Living in Jakarta as a kid and a young adult are two very different things. For a know-nothing-better kid, I was quite a busy one. Spending almost every evening thinking about how to extend my curfew, my seemingly important goal was to take a part in another round of hide-and-seek games with my friends in the park. It’s actually pretty funny to reflect on how discovering a secret hole behind the bushes was all that mattered back then.
Several years have passed since then. As a striving-for-the-future young adult, I’m starting to grasp the concept of how the world actually works. For some of us, life turns out to be a series of routine we know better than our own palm lines. “What is life without some impromptu things to enjoy?” I often say.

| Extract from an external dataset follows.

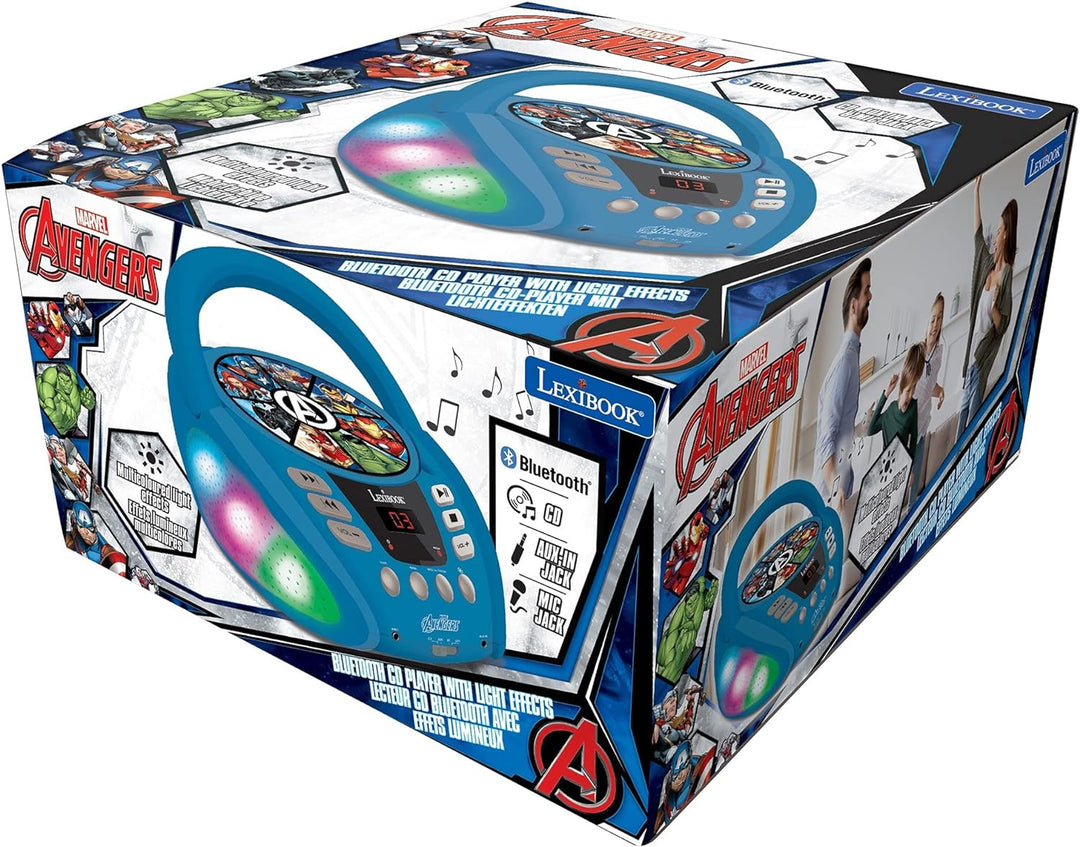 Lexibook RCD109AV Marvel Avengers-Bluetooth-CD-Player für Kinder-Tragbar, Lichteffekte, Mikrofonbuch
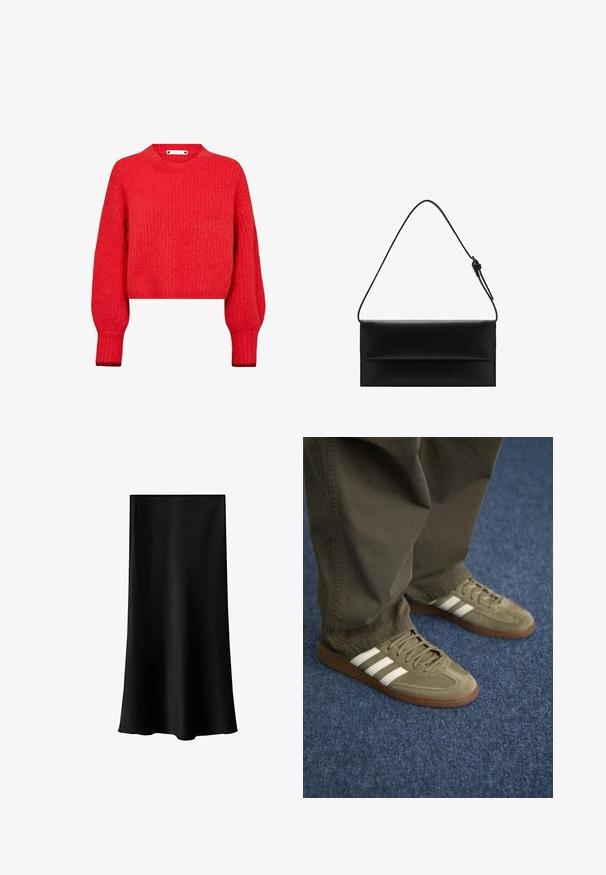 Rdeča skrajšana pulover s rebrasto teksturo, dolgimi rokavi in okroglim ovratnikom. Ima dekorativen kovinski detajl na ovratniku.; Črna midi krila iz gladkega, lahkega materiala. Ima ravno rez, brez vidnih dodatkov in preprost dizajn brez vzorcev.; Zelene velur tene z belimi črtami, rjavo gumijasto podplatom in teksturiranimi vezalkami, kombinirane z olivno zelenimi hlačami na modrem preprogo.; Mango Torbica - black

But then, I still wake up at 6 every day, do my morning walk before heading off to work, deal with the city’s constant traffic alongside hundred of other metropolitans, and with that goes the scraps of my energy to do anything else at night. I'm left with no other choice but to go home and sleep.
So, here is my question: are we still the same person without the routine that shapes us daily? Without putting Taylor Swift’s songs on shuffle as I make myself presentable, the short stroll around the nearest mini-market to resolve which bread to buy for breakfast, the beam of sunlight creating a shadow in the shape of me one step behind, or the dilemma of what to order for lunch even when it’s still as early as 10 o’clock, my life will surely be less organized. It may sound a bit far-fetched but I feel like I can no longer picture myself sustaining a week without a routine to hold on to.
It’s not until I felt a little unwell yesterday that my mind started to wander around this issue. The idea of taking a day off and doing nothing in the small room that me and my sister rented seemed like a brake that made me instantly feel better. Without the routine to keep my pace steady, I wasn’t sure what the world had to offer suddenly. This totally juxtaposes how I was as a kid. The only obligation I had to comply with was an afternoon nap (which might sound so heavenly now but long ago it was not). Having a sacred time for a few-hours siesta was the reason why I used to despise it with a passion. Dammit.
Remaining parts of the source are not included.